Bucknell University’s AUVSI student UAS competition team is comprised of a small inter-disciplinary group of students. The team is advised by Martin Ligare, a professor in and chair of the Physics & Astronomy department. Team members include Nick Urban, a computer scientist, and Dan Farrell, a Physicist.

The small size of the DroneWerks team led to the adaption of a modular iterative approach to systems design. Each subsystem was developed and tested individually, lending a robust-ness to the final product.

1.2 Mission Requirements and Goals

The 2011 AUVSI student UAS competition simulates a real world scenario in which a UAV may be deployed. In this simulated mission, the UAV must support a company of US Marines conducting a patrol by providing them with intelligence, surveillance and reconnaissance (ISR). To provide these resources, the UAV must be able to autonomously navigate through a set of waypoints while remaining within assigned airspace. The UAV will identify and detect an unknown number ground targets, along with details on each target’s specific attributes. To simulate the dynamic nature of modern military operations, the search area will be changed during the mission and the UAV must locate an additional target of an unknown shape.
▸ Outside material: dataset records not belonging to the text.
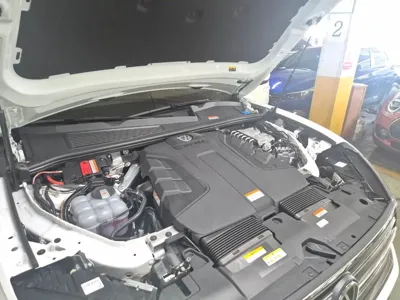 Volkswagen Touareg 2026, 19 км, за 68268.35 USD - фото 6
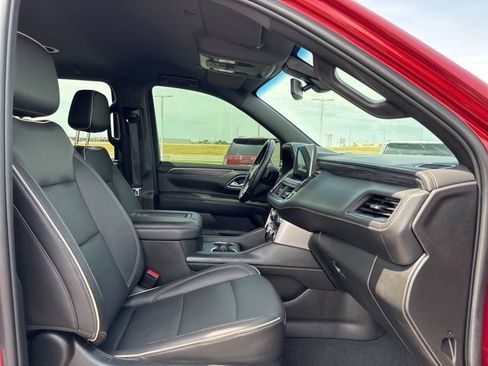 Used 2022 GMC Yukon XL SLT w/ SLT Luxury Package AWD/4WD image 14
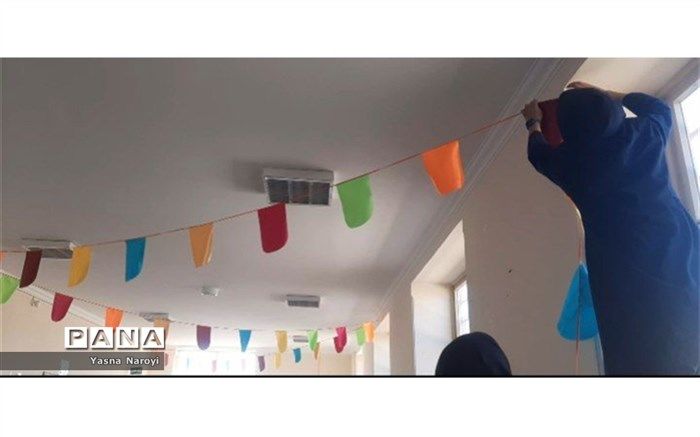 آذین‌بندی مدرسه ام البنین روستای هوتک به‌مناسبت دهه فجر/فیلم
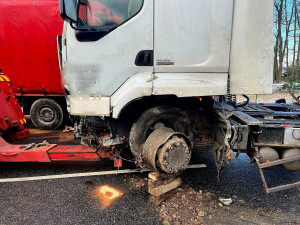 Dálnici D3 ve směru na České Budějovice uzavřela nehoda kamionu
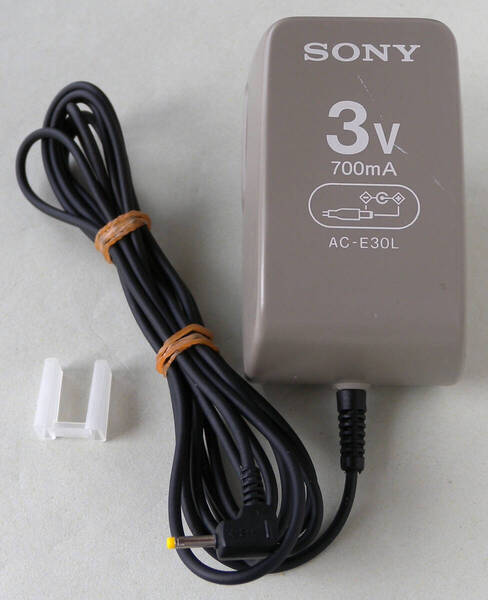 送料無料 SONY ソニー 純正 WA-2001等用 ACアダプター AC-E30L センタープラス 3V 3.0V 700mA 0.7A EIAJ1 2.35mm 0.7mm 即決!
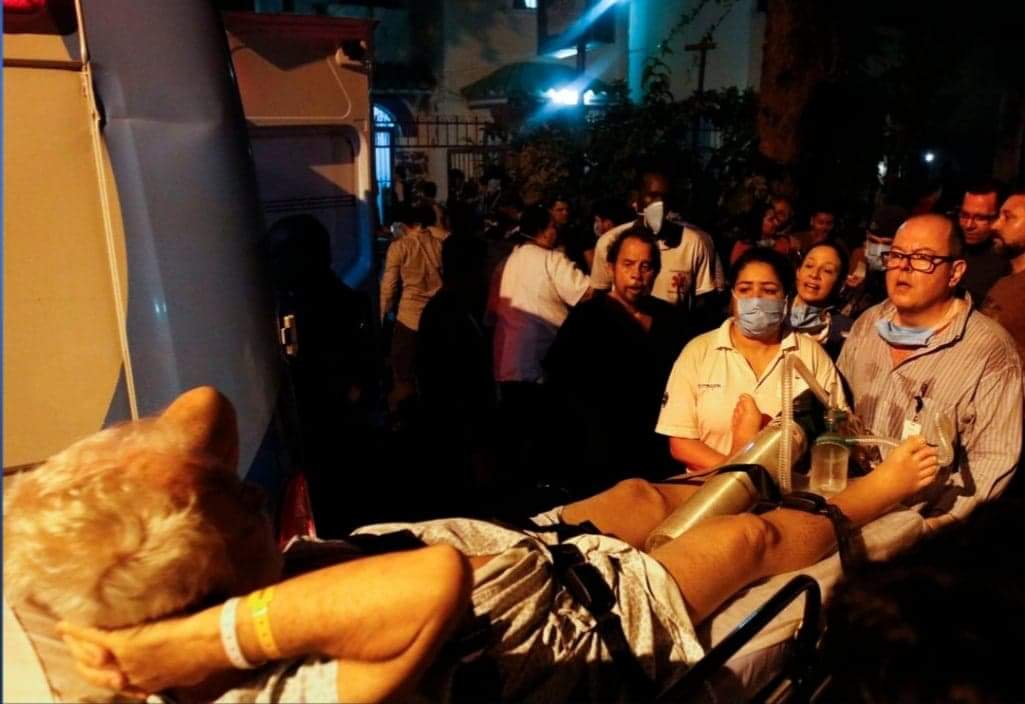 ATUALIZANDO!! INCÊNDIO EM HOSPITAL DO RJ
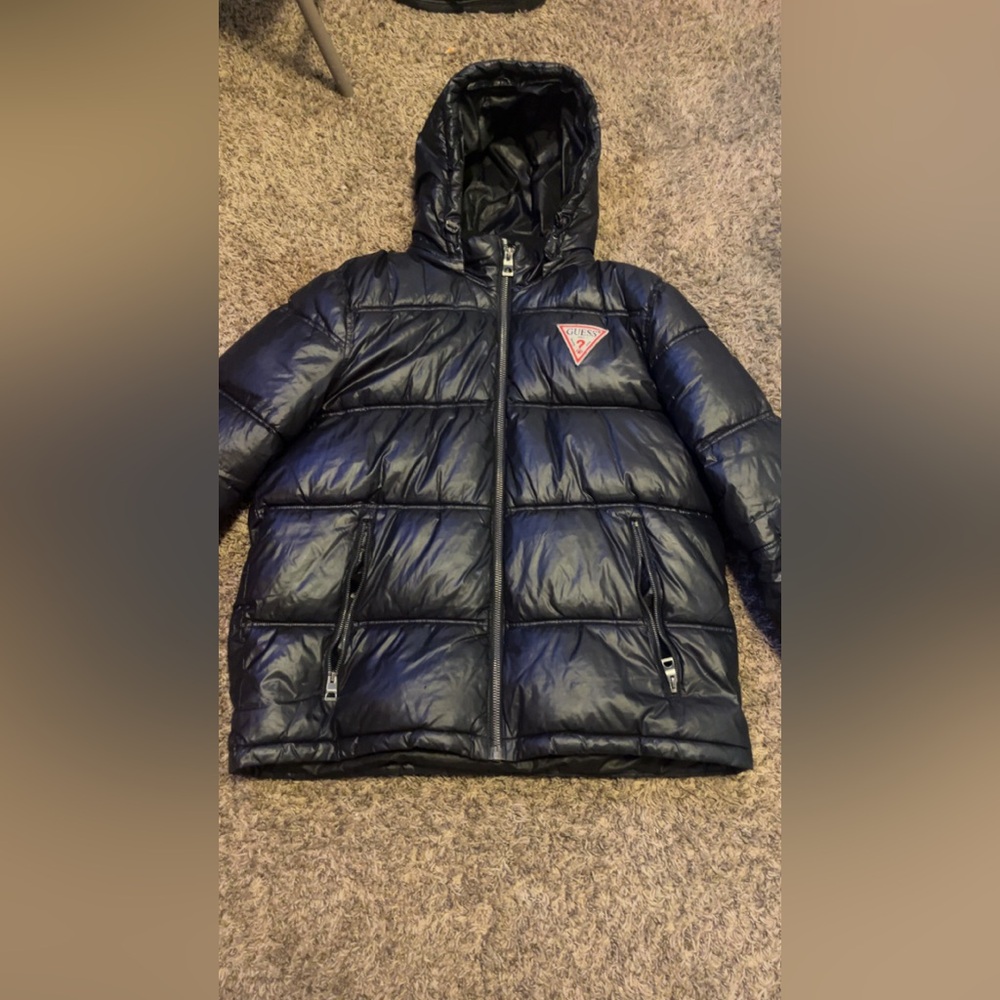Guess puffer with a removable hood and a secret pocket inside it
Team DroneWerks aimed not only to design a UAS which met these goals of autonomy and optical payload capabilities, but also a system which is safe, reliable, and easily confi-gured for a wide variety of missions. To meet these goals, the team selected a well-rounded airframe on which to build this system. The UAS constructed for this year’s competition dis-plays a great amount of both compartmentalization and redundancy, such that a failure of any one system does not affect the operation of any other system. Multiple modules provide re-dundancy for several system capabilities. The UAV carries two optical devices so intelligence may still be provided should one fail. UAV control may be enacted through one of two sub-systems operating on separate frequencies, adding an additional safety margin should one system cease operating.

1.3 System Overview

Being largely self-funded, the team sought to design a system with the best balance of cost-effectiveness and performance. DroneWerks’s UAS, the Flying Bison, is made up of three primary subsystems: airframe, control, and payload. The airframe consists of the aircraft structure built this year specifically to meet the mission requirements and includes the basic supporting hardware, such as propulsion and control surfaces.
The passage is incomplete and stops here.